Set in the near future, the series opens with a diverse team of astronauts preparing to undertake the 2 1/2-year journey to Mars and back. Those plans experience a serious setback, throwing the program's future into question, leaving it to a former leader of the team, Tom Hagerty (Penn), and the aerospace magnate who championed the mission (Natascha McElhone) to navigate an asteroid field of domestic politics to secure a second chance.
In short, the thrill of leaving the bonds of Earth behind gives way to congressional hearings and bureaucracy -- a reasonable development, predicated on balancing limited resources at home against the impulse to explore, which, alas, isn't especially dramatic.
As a consequence, "The First" is weighed down in multiple ways. Penn brings a weary gravitas to the central role as part of a well-cast ensemble, wrestling with challenges and personal demons. But most of those situations come across as a trifle cliched, leaving the stirring music, by Colin Stetson, as the show's most memorable aspect.

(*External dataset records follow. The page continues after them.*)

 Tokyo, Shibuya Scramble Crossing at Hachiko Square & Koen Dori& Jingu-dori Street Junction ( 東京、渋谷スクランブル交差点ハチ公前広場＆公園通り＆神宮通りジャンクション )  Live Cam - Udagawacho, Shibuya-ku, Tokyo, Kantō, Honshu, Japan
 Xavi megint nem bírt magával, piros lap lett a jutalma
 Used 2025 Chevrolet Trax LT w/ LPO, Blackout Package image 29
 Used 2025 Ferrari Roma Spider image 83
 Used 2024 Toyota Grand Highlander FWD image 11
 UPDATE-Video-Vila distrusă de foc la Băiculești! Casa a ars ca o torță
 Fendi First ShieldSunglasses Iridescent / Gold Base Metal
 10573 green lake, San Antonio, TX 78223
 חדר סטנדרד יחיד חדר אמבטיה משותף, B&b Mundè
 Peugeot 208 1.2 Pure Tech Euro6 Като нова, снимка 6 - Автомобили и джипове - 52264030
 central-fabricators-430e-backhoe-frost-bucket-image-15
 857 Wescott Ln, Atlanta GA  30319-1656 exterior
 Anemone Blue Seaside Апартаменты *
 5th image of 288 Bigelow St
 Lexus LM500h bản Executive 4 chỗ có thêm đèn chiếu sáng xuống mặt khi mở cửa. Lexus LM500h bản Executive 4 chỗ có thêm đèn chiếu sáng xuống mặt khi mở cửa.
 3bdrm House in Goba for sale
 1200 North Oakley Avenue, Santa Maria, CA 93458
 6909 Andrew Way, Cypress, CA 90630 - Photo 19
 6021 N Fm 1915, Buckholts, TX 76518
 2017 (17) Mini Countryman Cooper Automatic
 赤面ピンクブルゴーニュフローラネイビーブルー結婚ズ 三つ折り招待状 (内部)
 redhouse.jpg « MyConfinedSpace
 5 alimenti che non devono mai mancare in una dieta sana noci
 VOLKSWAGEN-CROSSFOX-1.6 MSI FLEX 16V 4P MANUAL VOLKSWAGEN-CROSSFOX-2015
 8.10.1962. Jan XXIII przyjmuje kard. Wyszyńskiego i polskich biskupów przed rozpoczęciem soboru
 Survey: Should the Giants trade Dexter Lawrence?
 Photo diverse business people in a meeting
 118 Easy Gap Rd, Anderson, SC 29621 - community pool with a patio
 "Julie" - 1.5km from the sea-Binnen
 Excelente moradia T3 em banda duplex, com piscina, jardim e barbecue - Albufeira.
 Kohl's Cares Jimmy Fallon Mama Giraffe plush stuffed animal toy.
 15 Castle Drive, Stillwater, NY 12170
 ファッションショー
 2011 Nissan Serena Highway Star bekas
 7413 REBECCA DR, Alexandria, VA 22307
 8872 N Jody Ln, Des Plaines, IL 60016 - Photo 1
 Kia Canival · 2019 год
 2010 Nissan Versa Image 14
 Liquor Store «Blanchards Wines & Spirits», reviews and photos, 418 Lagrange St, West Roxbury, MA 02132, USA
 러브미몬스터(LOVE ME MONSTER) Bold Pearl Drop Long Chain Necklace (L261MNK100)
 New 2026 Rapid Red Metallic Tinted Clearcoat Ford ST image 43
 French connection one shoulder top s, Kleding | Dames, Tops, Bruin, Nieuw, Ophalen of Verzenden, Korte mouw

Part of the problem is "The First" gets caught in a sort of narrative no-man's land, hewing closer to looks back at the space program than the more forward-thinking science fiction we've come to know. Even then, the earthbound storytelling feels flat compared to "The Martian" or "Apollo 13" -- with the Neil Armstrong biography "First Man" on the launchpad -- all examples of the can-do spirit that has always made the ideal of space travel so uplifting and noble.
The clear message is that scientific breakthroughs come at a price, a point McElhone's character addresses explicitly in a later episode. "When it comes to Mars, we must get used to death," she says.
"The First" does a credible job of contemplating the costs of space travel, where, to quote an old line, no one can hear you scream. But wading through season one of this stiff but earnest series, it's possible someone will hear you snore.
Bonus review: There's a better streaming series premiering the same day, but Amazon's "Forever" pretty well thwarts efforts to review it, largely because of the twists and turns that the show takes.
Starring Fred Armisen and Maya Rudolph as a married couple (introduced in a long silent sequence that, alas, might be as good as the show gets), the provocative series was created by Alan Yang ("Master of None") and Matt Hubbard ("30 Rock").
Without giving anything away (which isn't easy), "Forever" tackles some big issues about life, loss and what happens to a relationship when people discover they want different things. The half-hour show does so in a manner that cleverly pulls the viewer along from episode to episode, even if its answers, while intriguing, aren't quite equal to the buildup.
Nevertheless, in its quiet way it's a more ambitious journey than "The First," keeping the audience off-balance throughout the eight episodes. That's worth something, in a series that explores a different but no less mysterious frontier.
"The First" premieres Sept. 14 on Hulu. "Forever" premieres the same day on Amazon.